A3200: MOVEI [-1] ;*MOVEI SHOULD LOAD A POSITIVE NUMBER INTO AC0
SKIPG ;SKIP HALT INSTRUCTION IF MOVEI LOADED AC CORRECTLY
STOP
;IF PROGRAM HANGS UP ON MOVEI INSTRUCTION, CHECK AD FM +EN [ADFP], AD FM + EN A [ADFP],
;AD FM + F/F [ADFP], F CYC ACT EN C [F1]
;**********
;THIS TEST VERIFIES THAT SKIPL IS SENSITIVE TO THE DATA IN E AND NOT SENSITIVE TO
;THE DATA IN THE AC. HENCE, SKIPL WILL SKIP THE NEXT INSTRUCTION ONLY IF
;C(E) IS LESS THAN ZERO. E IS SET TO -1, A NEGATIVE NUMBER; AND
;THE AC IS SET TO 0 IN THIS TEST. THEREFORE SKIPL SHOULD SKIP.
A3300: MOVE [0] ;SET THE AC TO ALL ZEROS
SKIPL [-1] ;*SKIPL SHOULD SKIP BECAUSE C(E) IS NEGATIVE
STOP
;**********
;THIS TEST VERIFIES THAT SKIPL IS SENSITIVE TO THE SIGN BIT IN E. SKIPL SHOULD
;SKIP THE NEXT INSTRUCTION WHEN AND ONLY WHEN THE SIGN BIT IS SET. IN THIS
;TEST, C(AC) IS PRESET TO ALL ZEROS, THEN SKIPL IS EXECUTED WITH C(E)=400000,,0.
;A FAILURE UCCURS IF SKIPL DOES NOT SKIP.
A13100: MOVE [0] ;SET THE AC TO ALL ZEROS
SKIPL [400000,,0] ;*SKIPL SHOULD SKIP BECAUSE C(E) IS NEGATIVE
STOP
;**********
;THIS TEST VERIFIES THAT THE CAM INSTRUCTION DOES NOT MODIFY C(AC).

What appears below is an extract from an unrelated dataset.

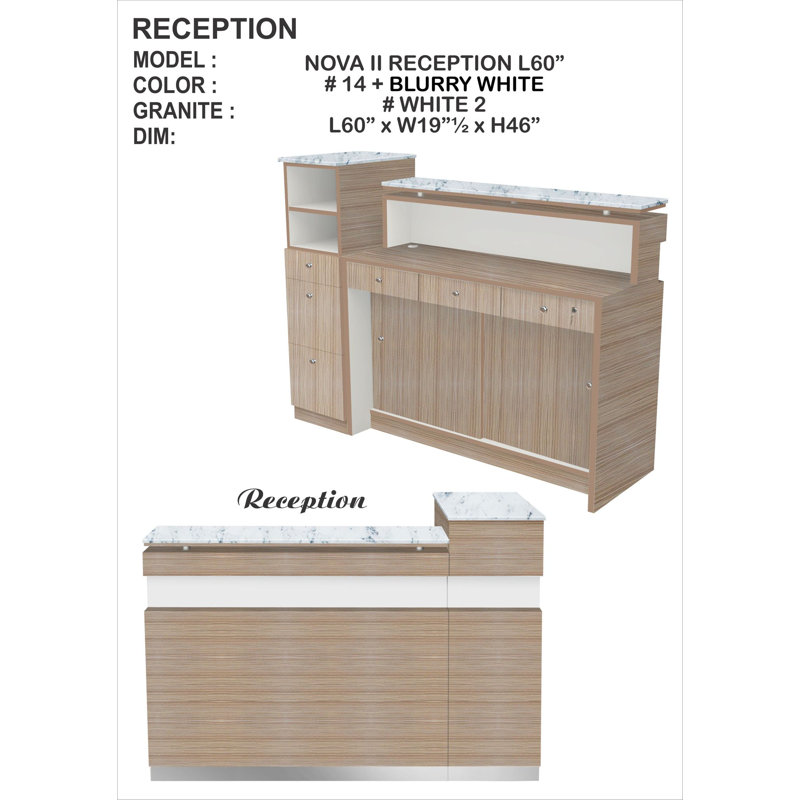 Narayana Rectangle Synthetic Laminate Reception Desk with Filing Cabinet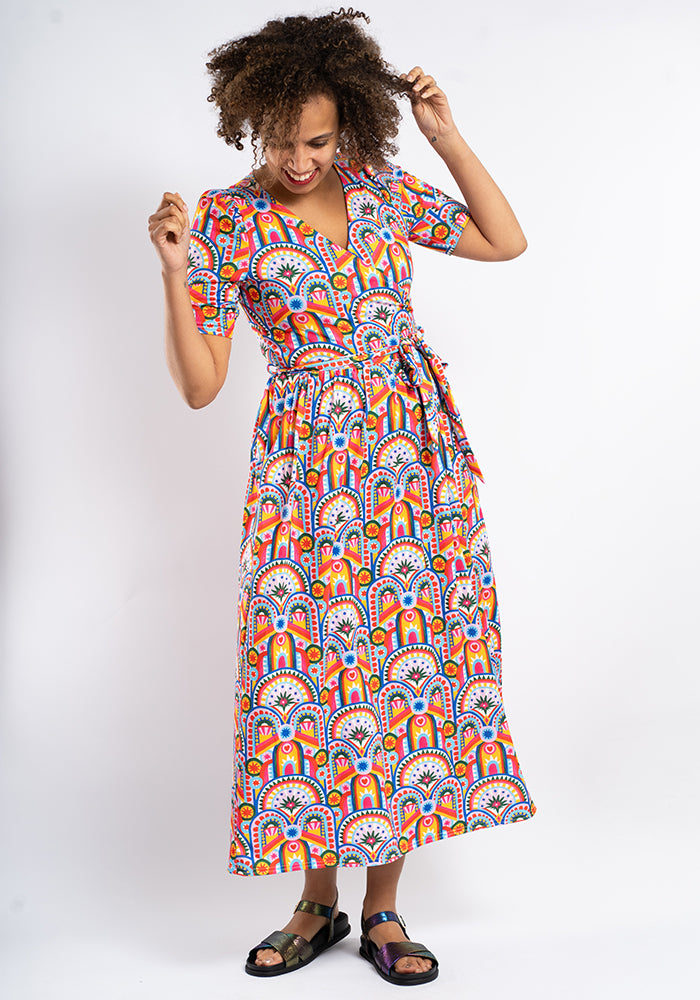 Gatsby Hand Painted Deco Print Midaxi Dress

THE AC IS
;INITIALLY LOADED WITH ALL ZEROS; THEN CAM IS EXECUTED WITH C(E) NON-ZERO.
;THE AC IS THEN CHECKED FOR ALL ZEROS. THIS TEST FAILS IF THE AC WAS MODIFIED BY CAM.
A3400: MOVE [0] ;PRESET THE AC TO ALL ZEROS
CAM [1234] ;*CAM SHOULD NOT MODIFY THE AC
MOVE ;MOVE C(0) INTO 0 (THIS INSTRUCTION SERVES AS A NO-OP.
;IT IS A PROGRAM FILLER IN CASE CAM SKIPS.)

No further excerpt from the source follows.